Six years ago, I was in a completely different time and space.  I had risen from a difficult divorce and found myself stronger than I ever knew possible.  I was full of courage and defiance.  I refused to let those wounds break me, it was never an option.  Only rise and conquer.  And I did.  I was confident and bold.  I lead my kids through some dark days with sheer determination that they would not be victim to the choices their father and I had made.  I was physically fit, running regularly and doing tae kwon do once or twice a week.  I was comfortable being me and I loved the life I had created for myself.  I had transformed tragedy into true victory.

But these past two years I have found myself in a different frame of mind.  I have been broken, completely broken, a brokenness I have never experienced before.  And I've spent the last two years wishing I could resurrect that woman from before.  I lost her, and I have so desperately wanted to find her.  To borrow even just a fraction of that strength and determination with which she so fiercely faced her circumstances.  But I can't.  She won't come.  It's as if there isn't even a spark of the flame that was once a raging fire.  Why can't I summon that ferocity and defiance that seemed to just arise naturally before?  I have never so desperately wanted to be that woman I once was, I have never so desperately needed to be that woman I once was.

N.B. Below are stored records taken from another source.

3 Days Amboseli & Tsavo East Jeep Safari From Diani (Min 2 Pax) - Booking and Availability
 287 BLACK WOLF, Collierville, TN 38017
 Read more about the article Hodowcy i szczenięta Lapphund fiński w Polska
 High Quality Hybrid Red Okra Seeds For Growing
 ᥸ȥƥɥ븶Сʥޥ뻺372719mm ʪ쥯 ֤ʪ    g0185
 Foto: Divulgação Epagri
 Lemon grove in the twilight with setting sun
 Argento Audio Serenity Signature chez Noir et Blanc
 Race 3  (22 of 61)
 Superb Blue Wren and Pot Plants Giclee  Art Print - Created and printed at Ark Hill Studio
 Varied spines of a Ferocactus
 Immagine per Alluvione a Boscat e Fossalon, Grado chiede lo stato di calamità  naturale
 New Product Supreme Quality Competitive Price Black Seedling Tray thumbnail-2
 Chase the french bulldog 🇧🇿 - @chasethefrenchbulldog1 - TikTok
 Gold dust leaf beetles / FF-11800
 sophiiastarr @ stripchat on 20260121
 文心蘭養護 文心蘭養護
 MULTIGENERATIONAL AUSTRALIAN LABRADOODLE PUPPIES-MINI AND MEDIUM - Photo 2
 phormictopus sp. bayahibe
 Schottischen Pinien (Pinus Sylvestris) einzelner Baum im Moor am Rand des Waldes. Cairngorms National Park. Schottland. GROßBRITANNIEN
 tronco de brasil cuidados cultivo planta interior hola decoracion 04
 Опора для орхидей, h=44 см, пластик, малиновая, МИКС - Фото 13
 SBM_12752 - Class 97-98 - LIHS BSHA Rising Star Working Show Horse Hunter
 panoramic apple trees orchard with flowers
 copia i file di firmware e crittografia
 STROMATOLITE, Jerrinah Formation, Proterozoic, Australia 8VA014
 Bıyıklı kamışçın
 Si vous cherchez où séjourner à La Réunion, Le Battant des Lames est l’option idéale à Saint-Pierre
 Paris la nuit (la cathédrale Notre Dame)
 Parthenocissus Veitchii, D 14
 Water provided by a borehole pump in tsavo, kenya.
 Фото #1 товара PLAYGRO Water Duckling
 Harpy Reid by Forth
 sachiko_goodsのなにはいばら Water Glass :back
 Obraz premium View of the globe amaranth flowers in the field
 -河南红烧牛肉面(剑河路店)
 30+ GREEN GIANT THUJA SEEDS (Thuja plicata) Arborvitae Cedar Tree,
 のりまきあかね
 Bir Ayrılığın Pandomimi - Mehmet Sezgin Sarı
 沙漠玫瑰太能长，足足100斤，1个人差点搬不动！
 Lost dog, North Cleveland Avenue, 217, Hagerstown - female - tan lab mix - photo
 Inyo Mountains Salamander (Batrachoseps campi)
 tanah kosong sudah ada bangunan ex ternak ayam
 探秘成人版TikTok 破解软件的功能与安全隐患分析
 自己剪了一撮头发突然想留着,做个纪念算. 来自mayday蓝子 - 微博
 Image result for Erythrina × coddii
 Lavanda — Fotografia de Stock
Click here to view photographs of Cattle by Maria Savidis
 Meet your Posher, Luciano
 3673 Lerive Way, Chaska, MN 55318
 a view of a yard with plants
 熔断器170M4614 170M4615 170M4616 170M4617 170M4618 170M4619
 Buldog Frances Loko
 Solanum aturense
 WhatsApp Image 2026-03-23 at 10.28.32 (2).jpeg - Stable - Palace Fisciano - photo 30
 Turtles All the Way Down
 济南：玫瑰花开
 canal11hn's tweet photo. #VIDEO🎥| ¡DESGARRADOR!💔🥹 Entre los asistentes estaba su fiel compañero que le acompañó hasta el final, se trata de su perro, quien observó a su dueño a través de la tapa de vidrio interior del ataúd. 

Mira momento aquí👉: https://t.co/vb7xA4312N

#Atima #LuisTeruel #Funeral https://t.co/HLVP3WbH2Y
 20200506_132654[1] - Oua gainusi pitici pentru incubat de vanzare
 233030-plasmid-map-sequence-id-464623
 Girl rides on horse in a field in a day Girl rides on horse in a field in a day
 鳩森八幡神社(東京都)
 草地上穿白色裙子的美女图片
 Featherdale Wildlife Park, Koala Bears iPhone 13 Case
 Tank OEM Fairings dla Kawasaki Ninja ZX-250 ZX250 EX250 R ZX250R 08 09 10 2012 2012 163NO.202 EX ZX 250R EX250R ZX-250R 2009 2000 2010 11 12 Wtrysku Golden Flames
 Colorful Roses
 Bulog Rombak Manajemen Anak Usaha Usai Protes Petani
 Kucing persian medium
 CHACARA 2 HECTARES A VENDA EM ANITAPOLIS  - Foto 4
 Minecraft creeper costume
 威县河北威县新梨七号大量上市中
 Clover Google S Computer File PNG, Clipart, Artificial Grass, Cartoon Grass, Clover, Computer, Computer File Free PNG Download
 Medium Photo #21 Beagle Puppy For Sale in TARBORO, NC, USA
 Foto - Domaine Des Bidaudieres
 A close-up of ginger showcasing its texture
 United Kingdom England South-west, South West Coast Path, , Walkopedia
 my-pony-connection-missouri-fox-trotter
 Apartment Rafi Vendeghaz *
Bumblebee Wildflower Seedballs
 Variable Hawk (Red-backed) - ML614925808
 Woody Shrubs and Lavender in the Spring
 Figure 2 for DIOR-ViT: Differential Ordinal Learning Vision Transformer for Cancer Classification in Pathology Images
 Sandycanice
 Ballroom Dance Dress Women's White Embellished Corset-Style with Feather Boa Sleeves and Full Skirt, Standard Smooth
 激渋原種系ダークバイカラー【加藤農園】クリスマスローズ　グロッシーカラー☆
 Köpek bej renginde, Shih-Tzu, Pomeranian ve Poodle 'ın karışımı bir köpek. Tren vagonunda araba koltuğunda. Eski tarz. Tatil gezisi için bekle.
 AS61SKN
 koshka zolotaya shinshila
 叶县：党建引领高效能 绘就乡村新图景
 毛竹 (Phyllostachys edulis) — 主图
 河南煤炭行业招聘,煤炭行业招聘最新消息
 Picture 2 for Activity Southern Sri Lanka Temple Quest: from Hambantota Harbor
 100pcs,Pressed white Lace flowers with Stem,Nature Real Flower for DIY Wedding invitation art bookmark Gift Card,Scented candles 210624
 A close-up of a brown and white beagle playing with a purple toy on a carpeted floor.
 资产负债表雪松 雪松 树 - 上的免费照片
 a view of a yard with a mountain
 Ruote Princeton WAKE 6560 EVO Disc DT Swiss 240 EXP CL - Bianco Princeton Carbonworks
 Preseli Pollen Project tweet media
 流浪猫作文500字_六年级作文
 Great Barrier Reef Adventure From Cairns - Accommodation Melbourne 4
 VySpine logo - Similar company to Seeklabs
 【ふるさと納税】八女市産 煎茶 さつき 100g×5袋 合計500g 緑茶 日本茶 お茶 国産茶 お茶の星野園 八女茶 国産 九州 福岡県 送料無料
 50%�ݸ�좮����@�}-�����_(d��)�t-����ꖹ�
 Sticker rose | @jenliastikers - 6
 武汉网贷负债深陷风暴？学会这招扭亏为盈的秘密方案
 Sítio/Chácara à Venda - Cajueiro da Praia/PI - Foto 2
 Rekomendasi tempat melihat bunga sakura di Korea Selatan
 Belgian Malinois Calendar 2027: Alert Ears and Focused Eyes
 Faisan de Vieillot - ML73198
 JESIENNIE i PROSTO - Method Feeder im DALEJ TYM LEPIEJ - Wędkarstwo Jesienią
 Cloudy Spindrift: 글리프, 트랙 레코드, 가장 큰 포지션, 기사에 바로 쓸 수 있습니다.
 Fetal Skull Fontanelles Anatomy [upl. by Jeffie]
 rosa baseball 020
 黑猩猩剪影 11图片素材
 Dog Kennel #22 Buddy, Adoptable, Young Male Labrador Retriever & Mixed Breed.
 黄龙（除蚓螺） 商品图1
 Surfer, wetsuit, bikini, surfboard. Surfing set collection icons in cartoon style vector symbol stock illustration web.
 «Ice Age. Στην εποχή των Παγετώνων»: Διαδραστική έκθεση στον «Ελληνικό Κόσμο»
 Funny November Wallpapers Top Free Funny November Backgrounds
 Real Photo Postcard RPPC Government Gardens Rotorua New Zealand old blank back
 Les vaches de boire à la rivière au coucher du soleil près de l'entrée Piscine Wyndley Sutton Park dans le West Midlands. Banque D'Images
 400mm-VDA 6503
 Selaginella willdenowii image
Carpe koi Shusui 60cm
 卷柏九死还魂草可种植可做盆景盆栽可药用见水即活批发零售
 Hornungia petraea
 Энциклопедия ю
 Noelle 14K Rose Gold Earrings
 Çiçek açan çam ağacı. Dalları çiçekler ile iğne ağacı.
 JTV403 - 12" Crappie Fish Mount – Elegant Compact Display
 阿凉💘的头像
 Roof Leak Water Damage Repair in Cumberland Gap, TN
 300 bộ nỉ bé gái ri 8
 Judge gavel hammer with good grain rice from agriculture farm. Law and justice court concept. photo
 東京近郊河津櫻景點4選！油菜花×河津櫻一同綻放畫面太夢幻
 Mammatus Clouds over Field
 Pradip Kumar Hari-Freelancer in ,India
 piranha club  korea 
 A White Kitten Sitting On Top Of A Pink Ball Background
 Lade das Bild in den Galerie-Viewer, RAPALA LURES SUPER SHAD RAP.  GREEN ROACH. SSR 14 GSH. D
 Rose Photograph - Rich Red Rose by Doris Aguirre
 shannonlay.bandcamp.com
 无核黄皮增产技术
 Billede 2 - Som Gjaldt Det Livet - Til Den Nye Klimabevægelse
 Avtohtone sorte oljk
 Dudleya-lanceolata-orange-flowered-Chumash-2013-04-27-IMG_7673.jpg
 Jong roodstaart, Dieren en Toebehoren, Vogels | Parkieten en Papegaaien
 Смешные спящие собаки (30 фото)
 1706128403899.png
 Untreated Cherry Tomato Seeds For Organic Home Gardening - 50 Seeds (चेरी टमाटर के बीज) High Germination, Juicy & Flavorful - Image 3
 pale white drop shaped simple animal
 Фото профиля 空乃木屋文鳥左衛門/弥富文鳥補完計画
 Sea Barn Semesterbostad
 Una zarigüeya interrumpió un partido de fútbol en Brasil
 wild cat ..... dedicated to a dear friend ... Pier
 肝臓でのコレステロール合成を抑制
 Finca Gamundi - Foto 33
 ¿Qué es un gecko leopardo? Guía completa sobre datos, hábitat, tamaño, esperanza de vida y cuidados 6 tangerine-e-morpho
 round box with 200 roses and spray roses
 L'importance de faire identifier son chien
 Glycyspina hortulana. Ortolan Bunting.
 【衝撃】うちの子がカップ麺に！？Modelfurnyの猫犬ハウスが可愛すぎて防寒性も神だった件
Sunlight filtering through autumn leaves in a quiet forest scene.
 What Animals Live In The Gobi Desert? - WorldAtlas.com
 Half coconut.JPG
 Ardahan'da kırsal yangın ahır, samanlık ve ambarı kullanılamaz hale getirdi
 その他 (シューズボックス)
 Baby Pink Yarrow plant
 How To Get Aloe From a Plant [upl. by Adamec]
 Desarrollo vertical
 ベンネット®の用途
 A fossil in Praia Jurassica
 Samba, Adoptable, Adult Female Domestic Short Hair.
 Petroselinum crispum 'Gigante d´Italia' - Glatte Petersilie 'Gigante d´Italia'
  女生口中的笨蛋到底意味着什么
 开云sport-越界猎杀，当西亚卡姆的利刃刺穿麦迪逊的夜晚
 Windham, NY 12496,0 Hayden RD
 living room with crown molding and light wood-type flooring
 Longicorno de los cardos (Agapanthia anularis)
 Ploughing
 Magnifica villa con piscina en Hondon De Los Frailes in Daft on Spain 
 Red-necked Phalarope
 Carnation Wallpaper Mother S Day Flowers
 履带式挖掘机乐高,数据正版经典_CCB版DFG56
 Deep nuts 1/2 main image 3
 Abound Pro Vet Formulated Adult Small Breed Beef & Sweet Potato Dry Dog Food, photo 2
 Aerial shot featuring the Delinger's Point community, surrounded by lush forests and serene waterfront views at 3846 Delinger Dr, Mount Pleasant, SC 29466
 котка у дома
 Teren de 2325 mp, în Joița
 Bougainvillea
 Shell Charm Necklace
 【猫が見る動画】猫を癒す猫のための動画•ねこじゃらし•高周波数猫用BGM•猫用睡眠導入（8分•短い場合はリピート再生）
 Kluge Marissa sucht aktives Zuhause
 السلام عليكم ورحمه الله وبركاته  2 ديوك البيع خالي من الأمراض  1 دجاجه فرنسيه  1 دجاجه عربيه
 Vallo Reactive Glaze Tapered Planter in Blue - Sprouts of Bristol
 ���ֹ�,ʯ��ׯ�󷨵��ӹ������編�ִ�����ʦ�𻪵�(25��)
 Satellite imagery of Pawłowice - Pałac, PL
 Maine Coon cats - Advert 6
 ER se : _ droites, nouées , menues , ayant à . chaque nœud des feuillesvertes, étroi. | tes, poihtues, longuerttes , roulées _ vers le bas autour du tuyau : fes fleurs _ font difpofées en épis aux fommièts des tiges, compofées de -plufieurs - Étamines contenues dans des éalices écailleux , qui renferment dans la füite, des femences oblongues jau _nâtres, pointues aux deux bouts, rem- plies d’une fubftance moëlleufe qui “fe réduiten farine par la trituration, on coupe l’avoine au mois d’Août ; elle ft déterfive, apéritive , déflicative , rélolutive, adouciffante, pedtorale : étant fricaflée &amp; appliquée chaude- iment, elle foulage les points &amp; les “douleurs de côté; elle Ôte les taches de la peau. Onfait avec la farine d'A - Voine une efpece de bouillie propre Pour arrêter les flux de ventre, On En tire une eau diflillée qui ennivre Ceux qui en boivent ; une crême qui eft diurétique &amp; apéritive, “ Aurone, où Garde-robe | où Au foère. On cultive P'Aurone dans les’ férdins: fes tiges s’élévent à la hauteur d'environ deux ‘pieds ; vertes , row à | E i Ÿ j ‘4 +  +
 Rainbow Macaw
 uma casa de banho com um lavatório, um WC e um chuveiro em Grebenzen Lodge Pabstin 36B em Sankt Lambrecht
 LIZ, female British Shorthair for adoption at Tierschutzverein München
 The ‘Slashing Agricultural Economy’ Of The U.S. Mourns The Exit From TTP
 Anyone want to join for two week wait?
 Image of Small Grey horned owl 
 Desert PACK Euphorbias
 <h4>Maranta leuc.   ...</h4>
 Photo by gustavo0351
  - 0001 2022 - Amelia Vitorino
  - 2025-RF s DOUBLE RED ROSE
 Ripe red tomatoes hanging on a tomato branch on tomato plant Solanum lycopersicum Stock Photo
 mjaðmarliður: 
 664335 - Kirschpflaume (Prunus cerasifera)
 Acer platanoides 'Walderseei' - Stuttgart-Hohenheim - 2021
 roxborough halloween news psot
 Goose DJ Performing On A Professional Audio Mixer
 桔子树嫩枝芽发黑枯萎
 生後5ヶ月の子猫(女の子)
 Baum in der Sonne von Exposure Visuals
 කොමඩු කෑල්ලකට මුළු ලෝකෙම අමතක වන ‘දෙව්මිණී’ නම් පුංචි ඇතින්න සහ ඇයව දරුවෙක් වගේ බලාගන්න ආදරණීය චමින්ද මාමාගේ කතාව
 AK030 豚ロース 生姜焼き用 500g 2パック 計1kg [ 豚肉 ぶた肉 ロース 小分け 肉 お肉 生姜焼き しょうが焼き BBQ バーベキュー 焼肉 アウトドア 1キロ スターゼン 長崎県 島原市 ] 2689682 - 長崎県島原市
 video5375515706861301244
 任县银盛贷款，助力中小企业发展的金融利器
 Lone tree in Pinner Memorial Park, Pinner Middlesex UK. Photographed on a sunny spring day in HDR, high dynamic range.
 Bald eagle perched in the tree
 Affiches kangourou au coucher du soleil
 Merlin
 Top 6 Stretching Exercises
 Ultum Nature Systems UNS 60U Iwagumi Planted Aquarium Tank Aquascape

So I have been trying to be that woman again.  Trying to find that hidden strength and courage to face adversity and not cower in it's presence.  Even if I have to fake it 'til I make it.  I want to be back in that space of confidence and peace.  But I just haven't been able to draw upon that strength, that courage, not even the anger.  It's as if there is nothing left of the woman I once was. And the further I slip away from her, the more lost and alone I feel.  It's like looking into the rearview mirror and seeing nothing but darkness.

The other day a memory came up on social media of Henry and Grace biking to the playground after Grace first learned to ride her bike.  Henry was leading the way, and he kept looking back to make sure Grace was following him, so every so often he'd veer off the sidewalk and make these crazy sharp turns to correct his path.  And Grace, determined as ever, had her head down watching the pavement beneath her and was furiously pedaling trying to keep up with her brother.  She kept looking down and would bike in this wobbly path behind Henry.  It was like watching two drunken squirrels chase each other down the street.  I kept yelling to Henry, "Keep your head forward!" and to Grace, "Keep your head up!" knowing that wherever they were looking is where they would go.

Wherever they were looking is where they would go.

Wherever I am looking is where I will go.

I need to keep my head up and keep looking forward.  As much as I admire that woman from the past, I can't ever be that woman again.  I can't expect to move forward if I keep looking back and try to be what is now just a memory.  I'll never find my way if my head is turned back but my feet are pointed forward, I'll be just another drunken squirrel careening down the road without direction.

I  can't be who I once was, I can only be who I am becoming. And maybe that will look similar to other versions of me from the past, or maybe it will be a stronger, wiser, more compassionate version of that woman.  Or maybe it will be something entirely different… who knows.  I just have to be present in my becoming and have faith that my brightest days are not behind me, and that the best version of me is yet to come.